- GOAL OF THE EXERCISE: Without pictures, output exactly the lines running from the line containing "Fashion brand designer" to the end of the listing below.

- RECORDS TO USE:
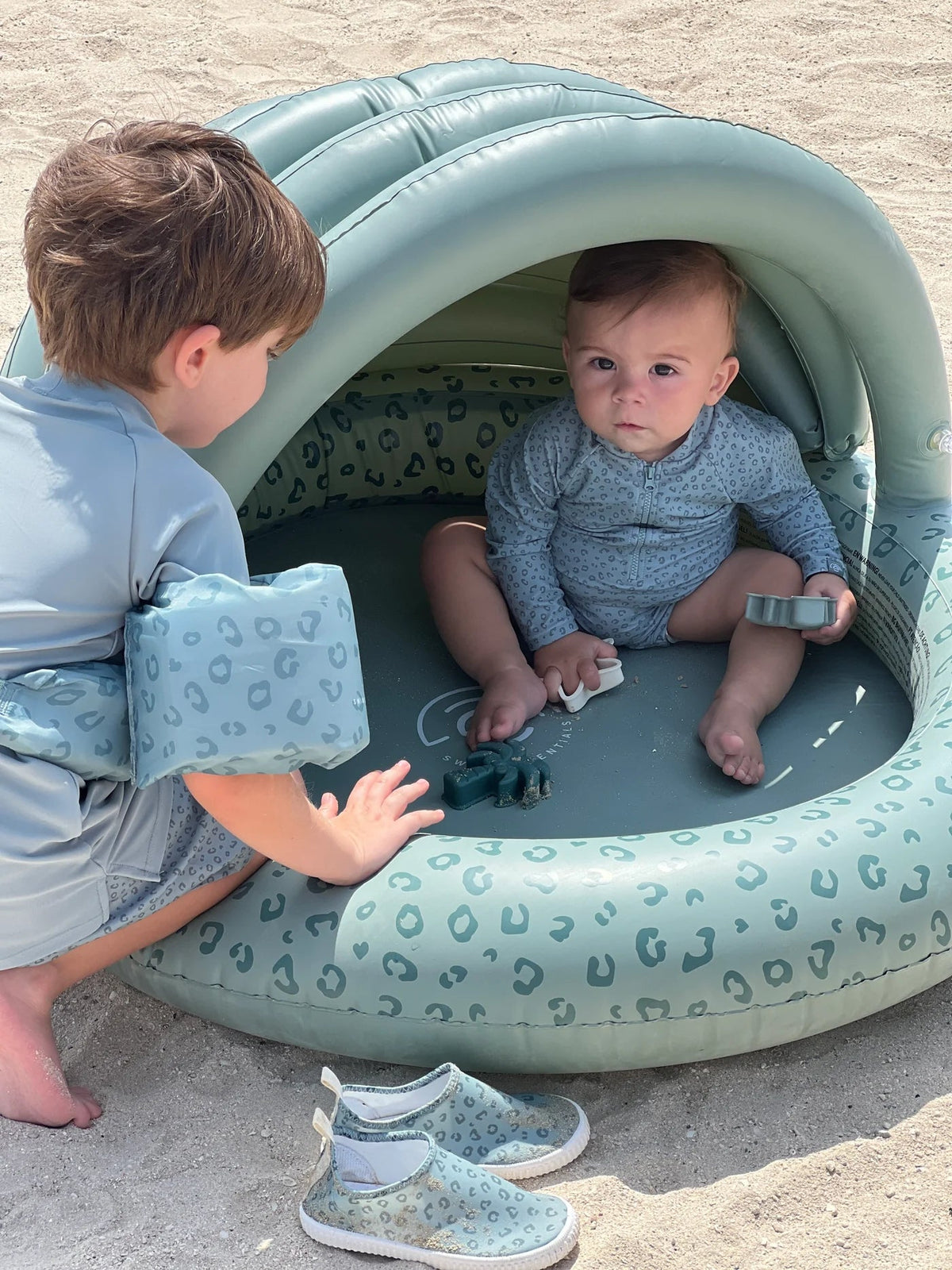 Piscine enfant avec auvent Green Leopard – Ø 100 cm Swim Essentials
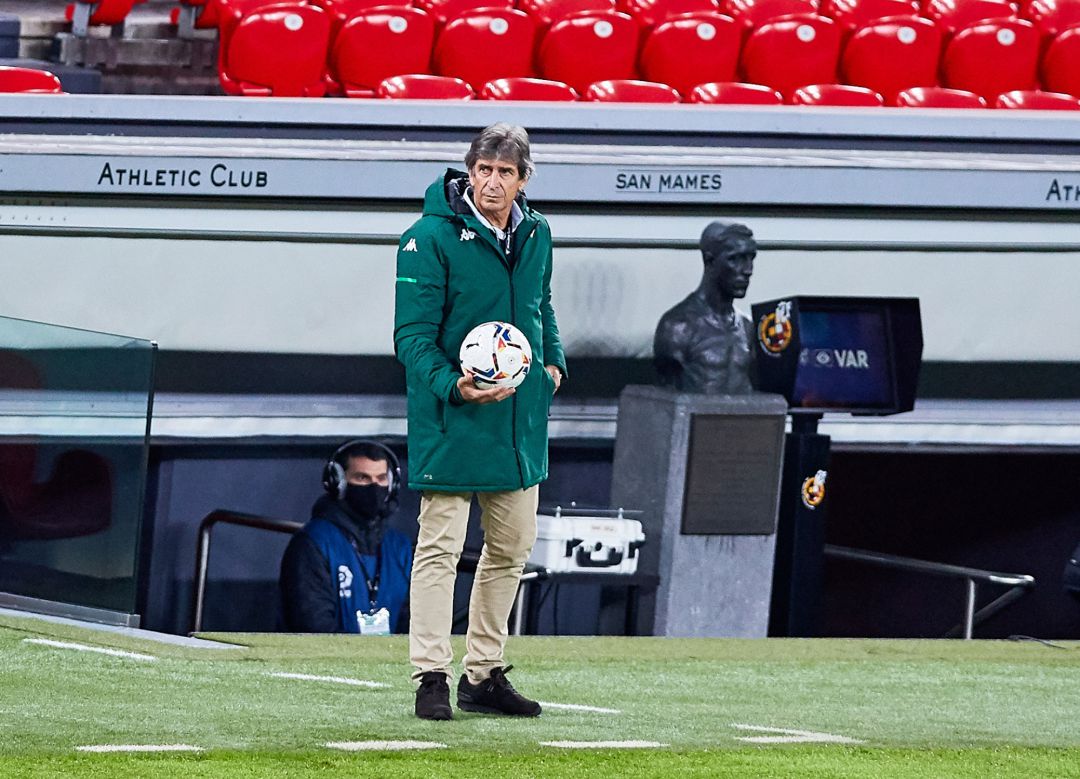 Manuel Pellegrini, durante el transcurso del partido en San Mamés Manuel Pellegrini, durante el transcurso del partido en San Mamés
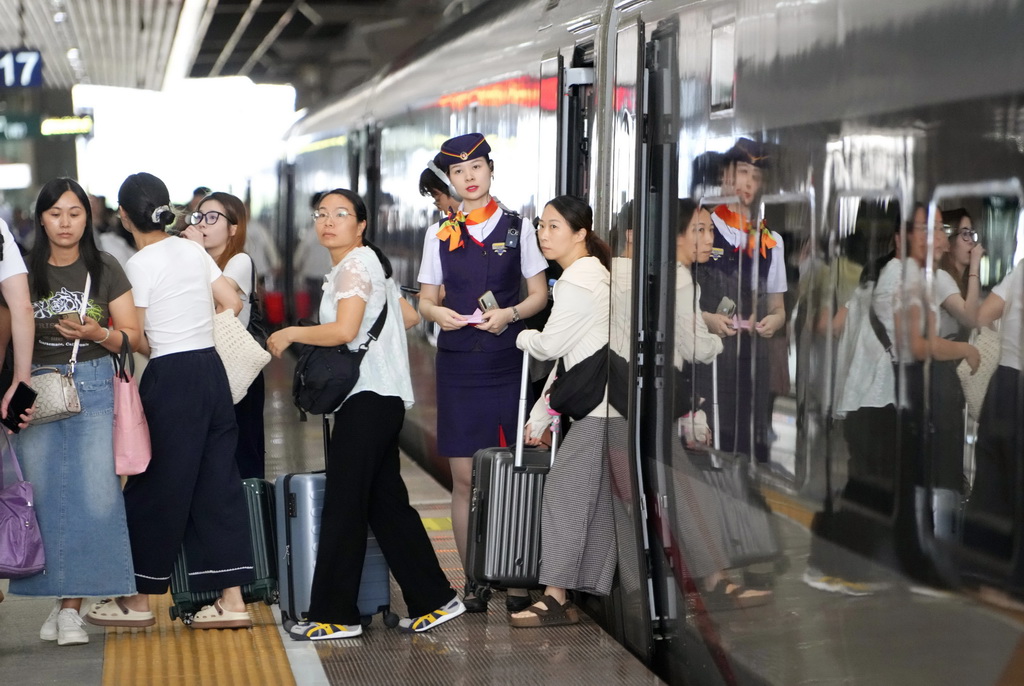 9月25日，旅客在廣州南站出行。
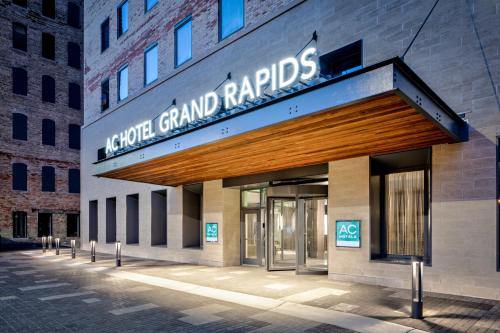 Фотография гостиницы AC Hotel Grand Rapids Downtown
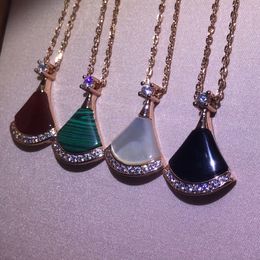 Fashion brand designer small skirt necklace natural agate thick 18k collarbone chain rose gold red Fritillaria pendant necklace Christmas gift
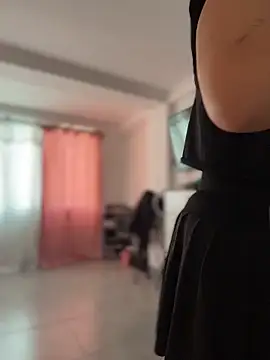 JuanitaMore01 online show from 16, 4, 2026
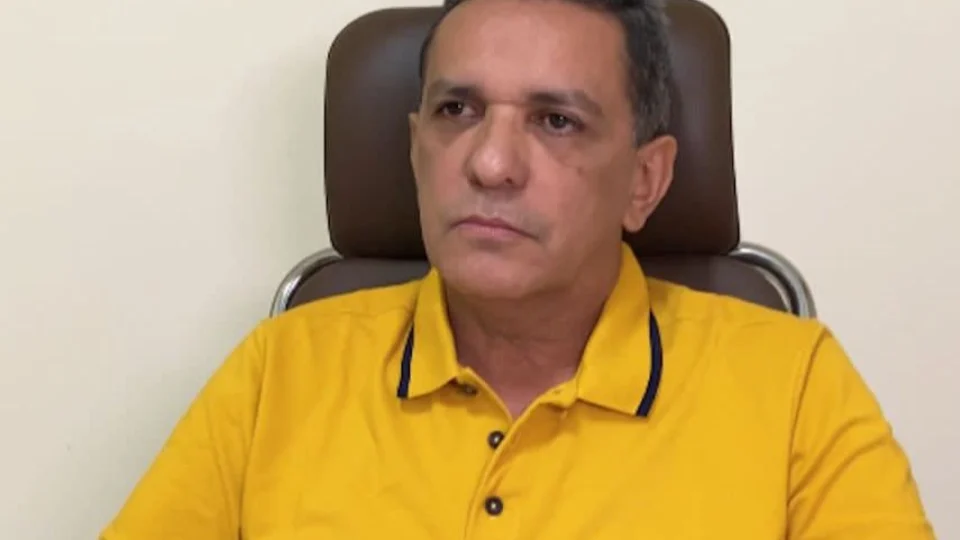 ‘Ele é um jacamim’, afirma Mecias de Jesus sobre Romero Jucá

- EXERCISE ANSWER:
 Fashion brand designer small skirt necklace natural agate thick 18k collarbone chain rose gold red Fritillaria pendant necklace Christmas gift
 JuanitaMore01 online show from 16, 4, 2026
 ‘Ele é um jacamim’, afirma Mecias de Jesus sobre Romero Jucá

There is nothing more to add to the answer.